The 2018 Digital Rights Africa report focused on the main theme,“Legislating Restrictions:How African Governments Use Repressive Laws.” The report although restricted to only eight countries in Africa was very thorough with disturbing examples of several instances where some governments have adopted repressive legislation to abuse the digital rights of its citizens.

The first part of the report was divided into two sections. The first section focused on the increasing rate of internet shutdowns by repressive governments across the continent. An important take in this section had to do with the relationship between dictatorial nations on the continent and their propensity to stifle critical speech by placing restrictions within the digital space.

A list of countries where there were internet shutdowns; Ethiopia, Mali, DR Congo, Sierra Leone, Chad and Cameroon can all be described as struggling and or undemocratic States with very weak institutions and checks and balances. This demonstrates that any effort to promote digital rights in Africa must also focus on deepening democracy in these countries.

The second section of the first part also focused on the role of civil society in mitigating the increasing attempts by some governments on the continent to stifle digital rights. An important point highlighted in this section had to do with, “building bridges of understanding between civil society organisations and legislators towards improving the legal framework around digital rights in Africa.”

Although highlighted, I think it is still important to underscore the successful story of civil society partnerships with the legislature in Nigeria resulting in the passage of the Digital Rights and Freedom Bill into law. This could serve as a model for study and adoption by other civil society actors in other African countries.

While the role of civil society cannot be underestimated in promoting digital rights in Africa, I believe this section should have also highlighted the important role the media plays in driving the conversation, educating the public and influencing the needed positive and progressive change we all want to see in the digital space across the continent.

The second part of this report focused on the profiles of eight countries and the general outlook of their digital rights eco system.
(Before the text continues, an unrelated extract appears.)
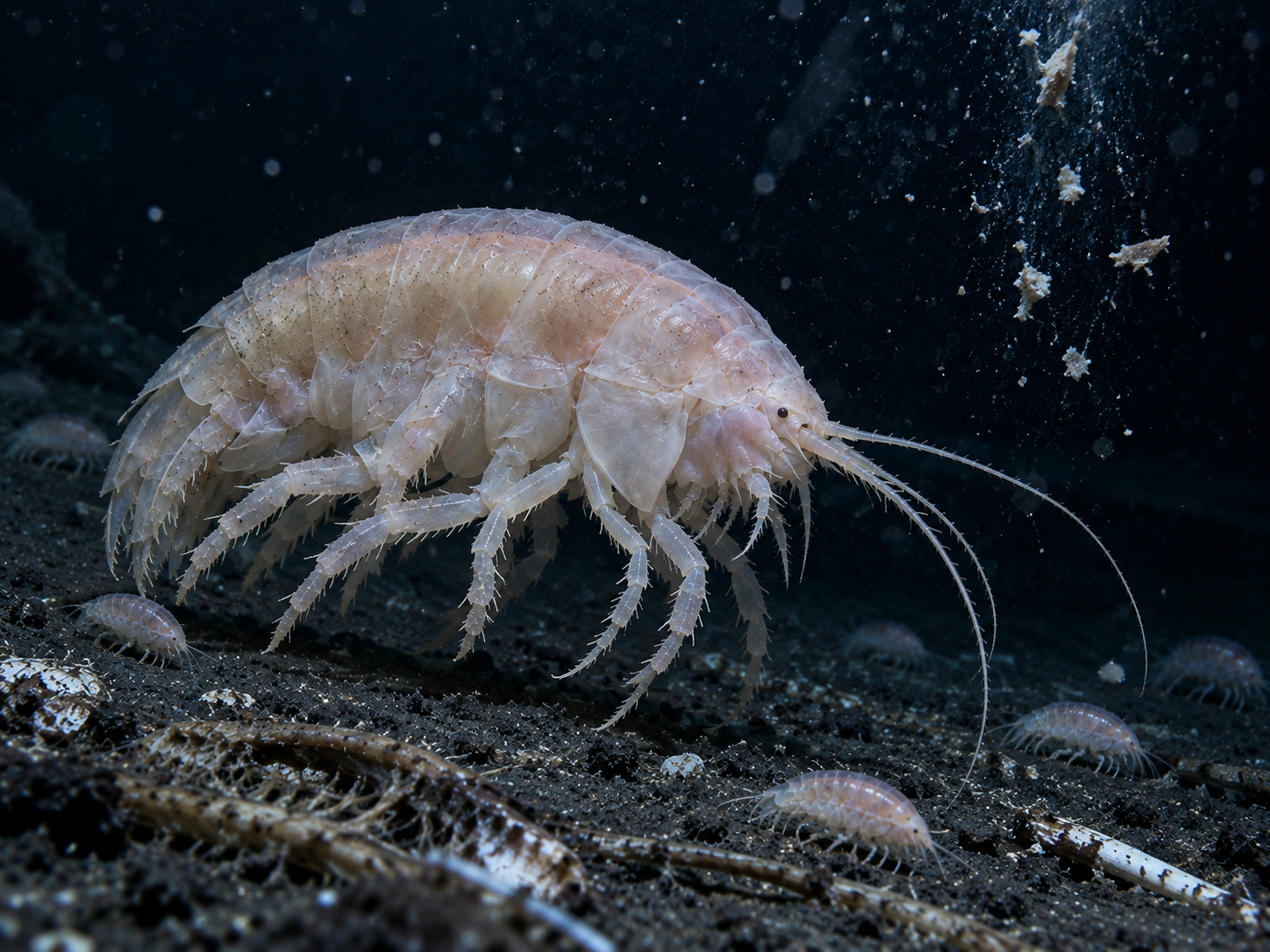 A large amphipod moves slowly through cold deep-sea water where food is sparse.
These countries were: Nigeria, Uganda, Cameroon, Tanzania, Egypt, Morocco, DR Congo and Benin.

This section is very informative because it didn’t only highlight the demographics of the countries listed above but linked their demographics to its internet and mobile telephony penetration, digital communication and the digital rights status.
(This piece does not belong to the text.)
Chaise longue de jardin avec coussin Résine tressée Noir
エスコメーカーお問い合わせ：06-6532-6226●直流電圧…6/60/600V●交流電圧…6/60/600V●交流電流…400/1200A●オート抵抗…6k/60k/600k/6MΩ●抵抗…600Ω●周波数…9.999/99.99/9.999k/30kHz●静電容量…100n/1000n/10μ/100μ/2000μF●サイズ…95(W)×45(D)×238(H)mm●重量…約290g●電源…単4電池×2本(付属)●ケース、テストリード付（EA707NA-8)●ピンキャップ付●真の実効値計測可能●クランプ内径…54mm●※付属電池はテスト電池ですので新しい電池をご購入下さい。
This section is particularly important because it highlighted several instances where the legal regime was abused by state actors to oppress journalists, activists and members of civil society organisations.
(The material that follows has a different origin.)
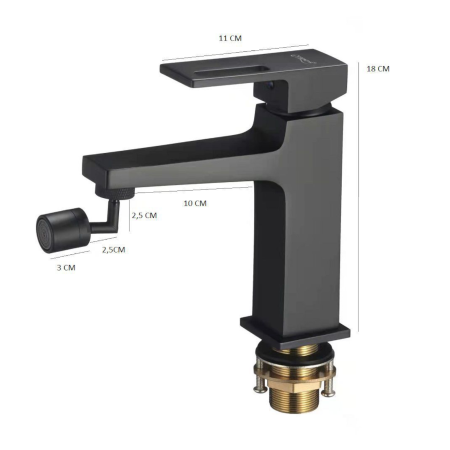 Baterie neagra alama sanitara pentru bideu MILO [3]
The organization of this section beginning with the demography of each nation, its internet/digital communication eco system and its digital rights status including abuses by state actors gives readers a broader understanding and provides a better context to the challenges confronting the continent when it comes to digital rights.

How can the report be improved?

The 2018 Digital Rights Africa report gives a general overview of the digital rights status of eight countries on the continent.

The report excluded a number of important themes within the digital rights eco system which I think when added would make it more inclusive as well as reflect the broader themes of digital rights in Africa.

Future reports could highlight issues about digital inclusion with the ultimate goal to provide a document which assesses the various elements and policies which can improve access to equitable opportunities in a digital space. Digital Inclusion is about both identifying those with less or no access to the Internet (e.g. underserved communities, marginalized groups, the minorities, people with disabilities or people lacking digital literacy) and it is about activities related to the achievement of an inclusive information society.

A future version of the report could also address the broader issue of data governance. The generation, collection, storage, transfer and processing of data (including personally identifiable data) have enabled new social, cultural, and economic opportunities than ever previously imagined. At the same time, the massive collection, transfer  and processing of data (in particular through the application of algorithms/AI/machine learning) by public as well as private entities pose challenges around privacy, freedom of expression and the exercise of other human rights. Future reports reflecting approaches to ensure the development of human-centric data governance frameworks around the continent would add a very important dimension to the digital rights discussion in Africa.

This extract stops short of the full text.